Masalah PT RAA Perwakilan Masyarakat Bengkulu Tengah Audensi Ke Mabes Polri, Ini Hasilnya

Nurul KRedaksi - Sabtu | 14 Februari 2026 | WIB
Masalah PT RAA Perwakilan Masyarakat Bengkulu Tengah Audensi Ke Mabes Polri, Ini Hasilnya
FOTO : PERNUSA / ISTIMEWA

Masalah PT RAA Perwakilan Masyarakat Bengkulu Tengah Audensi Ke Mabes Polri, Ini Hasilnya

Perwakilan masyarakat desa peyangga PT RAA kabupaten Bengkulu Tengah dan Syaib Rasyim dan Irwan Toni, audensi ke Mabes Polri. Warga diterima oleh Brigjen Pol Hirbak Wahyu Setiawan, S.I.K., M.H, Direktur Ekonomi Baintelkam Mabes Polri yang di dampingi oleh AKP Dana, R, Panit pertanahan dan perkebunan di gedung presisi 2 lantai 7 pada hari Jumat (13/02/2026)

Saat audensi Brigjen Pol Hirbak Wahyu Setiawan, S.I.K., M.H, Direktur Ekonomi Baintelkam Polri mejelaskan, terkait perusahaan yang melanggar atura pasti akan di proses secara hukum.

“Kami dari Mabes Polri mengucapkan terimakasi atas informasi yang disampaikan oleh masyarakat. Hasil pertemuan hari ini, akan segera disampaikan ke pak Kapolri. Setiap perusahaan yang melangar aturan dipastikan akan di proses secara hukum. Untuk itu, pihak Mabes Polri akan turun kelapangan gunakan untuk mengecek kebenaran terkait wilayah serta legalitas perusahaan tersebut,” kata Brigjen Pol Hirbak Wahyu Setiawan.
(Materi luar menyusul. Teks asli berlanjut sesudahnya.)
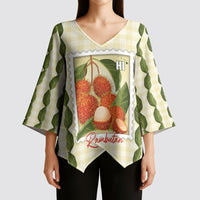 Aloha Hawaii Rambutan Palaka Motifs Kimono Sleeve Blouse Hawaiian Fruit Stylized Stamp LT14 - Polynesian Pride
Sementara perwakilan masyarakat Irwan Toni dan Syaib Rasyim, mengucapkan terimakasih kepada pihak Mabes Polri khususnya terhadap Brigjen Pol Hirbak Wahyu Setiawan, S.I.K, M.H.
Direktur Ekonomi Baintelkam Polri beserta jajaran yang telah menerima kedatangan pihaknya dengan baik.

“Alhamdulillah kami di terima dengan baik pihak Mabes Polri. Dalam audensi tersebut, kami memaparkan berbagai peristiwa yang terjadi. Terkait berbagai data legalitas perusahaan perkebunan kelapa sawit PT. Riau Agrindo Agung (RAA), yang diduga tanpa HGU serta IUP B dari gubernur Bengkulu selama lebih kurang 18 tahun tersebut, telah diserahkan sebelum audensi. Harapan kami aparat penegak hukum khususnya kepolisian melalui Mabes Polri dapat menegakkan aturan serta hukum yang adil di negeri ini,” tutup Irwan Toni selaku perwakilan masyarakat desa penyangga PT RAA di Bengkulu Tengah. (Bid-inf)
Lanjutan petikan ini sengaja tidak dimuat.